Research shaped by classrooms, public questions, and the social consequences of assessment

I began my career as a high school English language arts teacher. That experience continues to shape how I think about literacy assessment: not as a narrow technical exercise, but as a set of judgments with real consequences for learners, teachers, and institutions.

First-person Overview

I hold a master’s degree in Teaching English as a Second Language and a PhD in Secondary Education with a focus on writing assessment. At the University of Lethbridge, I serve as Professor and Associate Dean in the Faculty of Education. I also serve as Co-Editor-in-Chief of Assessing Writing.

My work asks how writing and literacy assessments can be designed to be valid, fair, ethical, and publicly accountable. Across that broad agenda, I have examined the social consequences of large-scale assessment, the development of writing ability, sociocognitive models of writing expertise, justice-oriented and antiracist validation, and the challenges of assessment in digital and AI-mediated environments.
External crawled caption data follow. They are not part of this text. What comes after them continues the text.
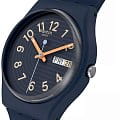 Swatch Swatch Gent Biosourced Standard SO28I700 кварцевые женские часы часы крупный план синий циферблата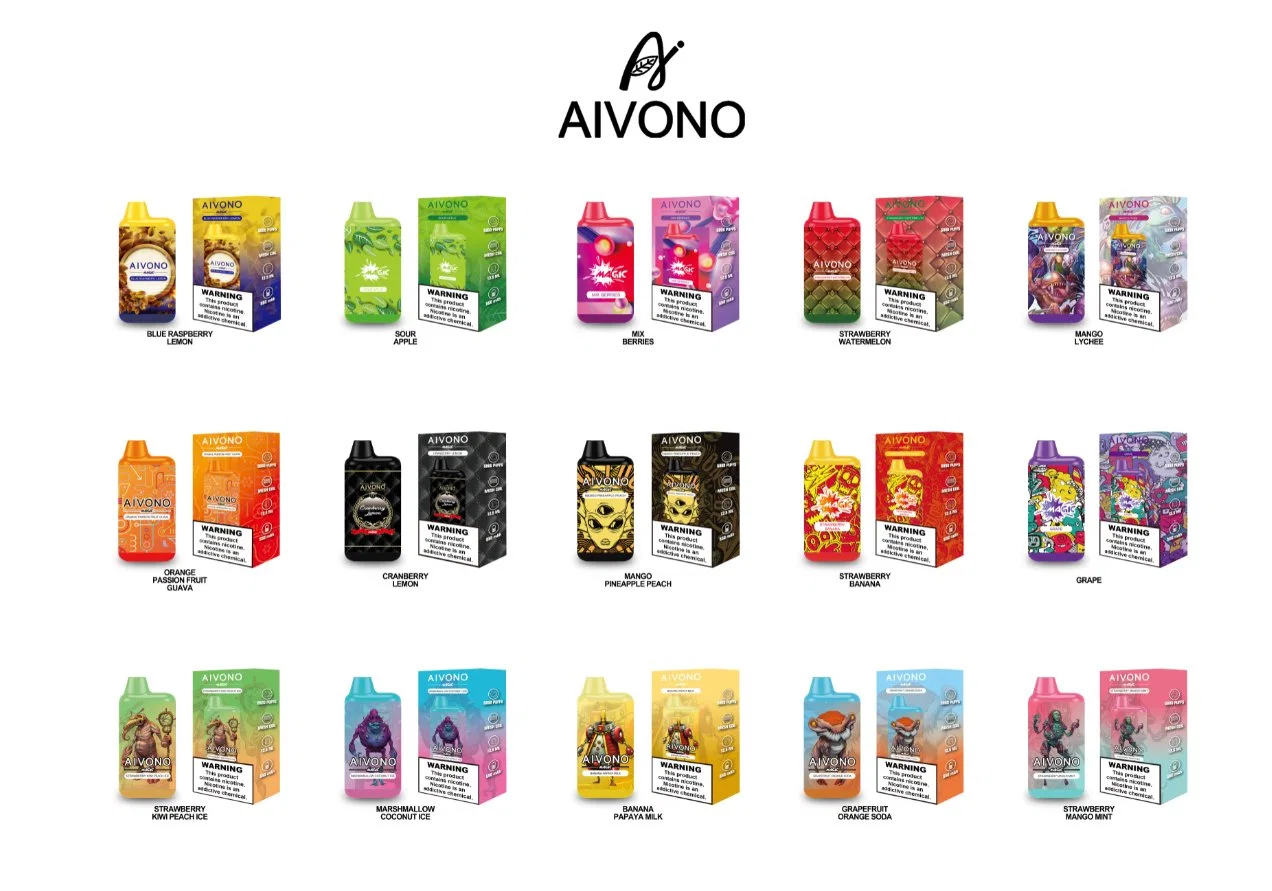 أيفونو قابل للتفكيك مصنع الجملة السجائر الإلكترونية Aivono AIM Magic Box 5800puffs OEM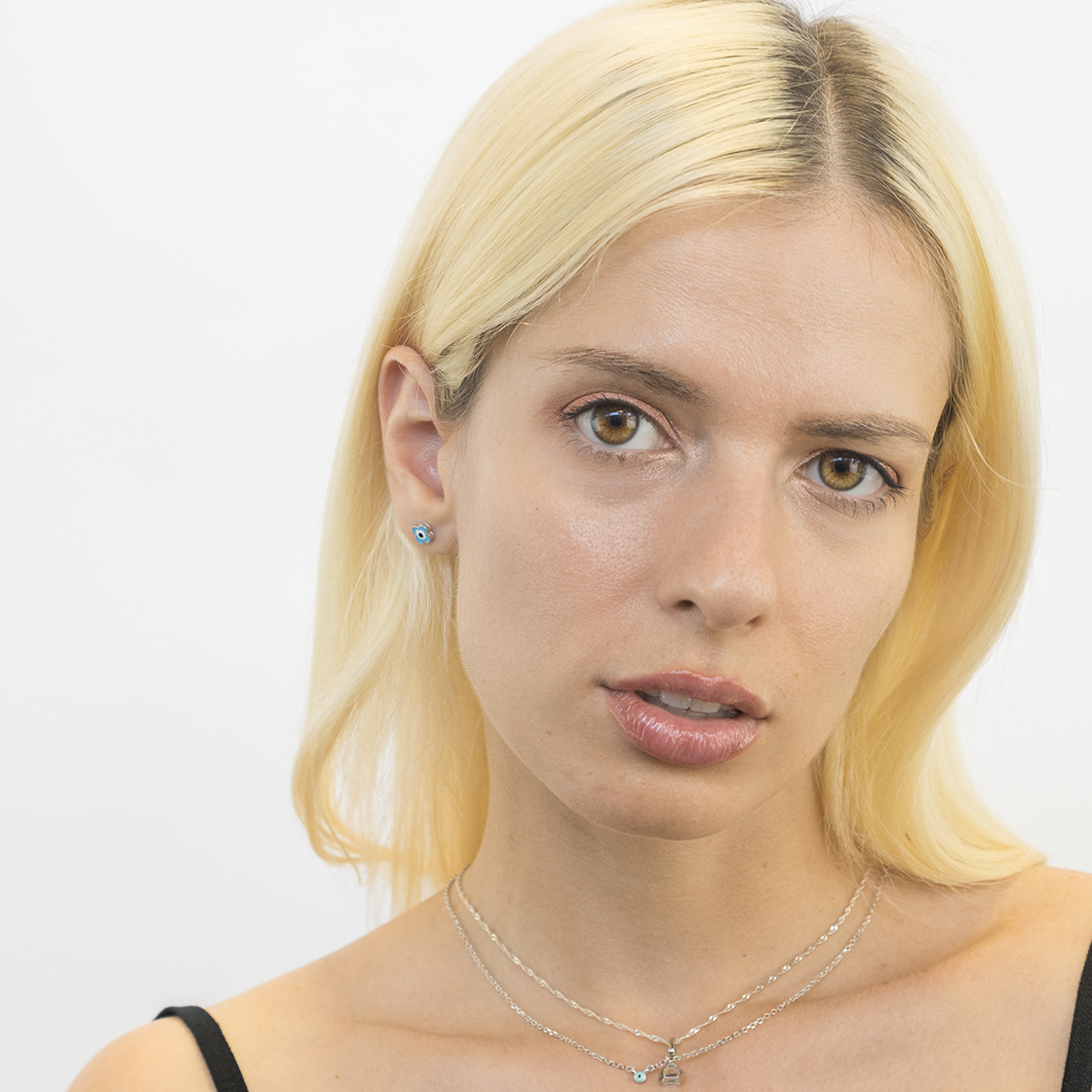 EYE IN A BLOOM S925 STUDS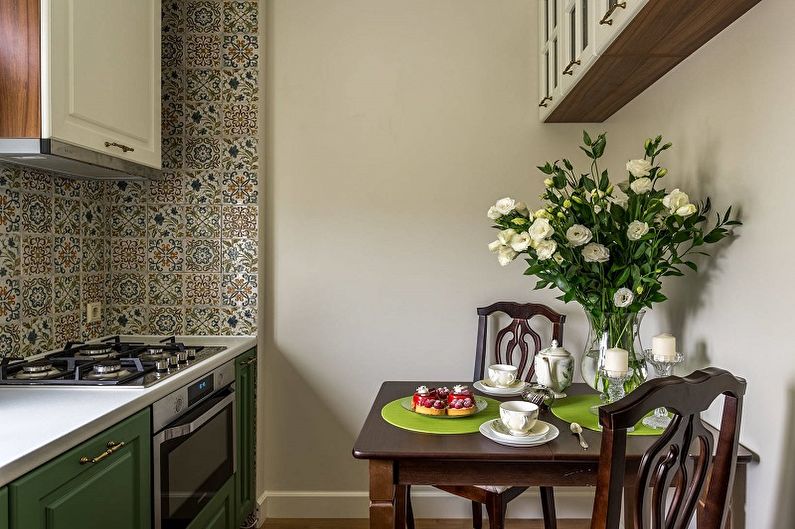 Kitchen interior design 13 sq.m. - Photo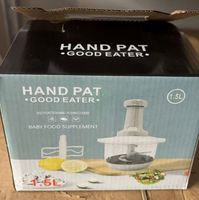 Grote 1,5L plastic groentehakker, vleesmolen, fruit-, kruiden-, knoflook- en uienpers, handmatige voedselprocessor van roestvrij staal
I try to connect scholarship to the larger questions that shape public life: access to learning, human dignity, democratic participation, and the role assessment plays in either expanding or narrowing opportunity.

Selected roles and recognitions

Current leadership roles

  • Professor and Associate Dean, Faculty of Education, University of Lethbridge
  • Co-Editor-in-Chief, Assessing Writing
  • Member, International Literacy Association Assessment Task Force

Recognition and reach

  • 1,100+ citations to date
  • 2025 Albert J. Harris Award, International Literacy Association
  • Board of Governors’ Teaching Chair, University of Lethbridge
  • Writing Program Certificate of Excellence, Conference on College Composition and Communication

Research and policy partnerships

  • SSHRC-funded research and institutional leadership
  • Projects and advisory work with Alberta Education, Center for Assessment, and Educational Testing Service
  • International collaborations extending to the United States and South America

Public and graduate-facing work

  • Teacher-facing scholarship and professional learning
  • Media commentary and op-ed writing
  • Award-winning graduate supervision and editorial mentorship
Core question: How do we design the next generation of writing and literacy assessments so that they intentionally advance access to learning, human dignity, and democratic participation?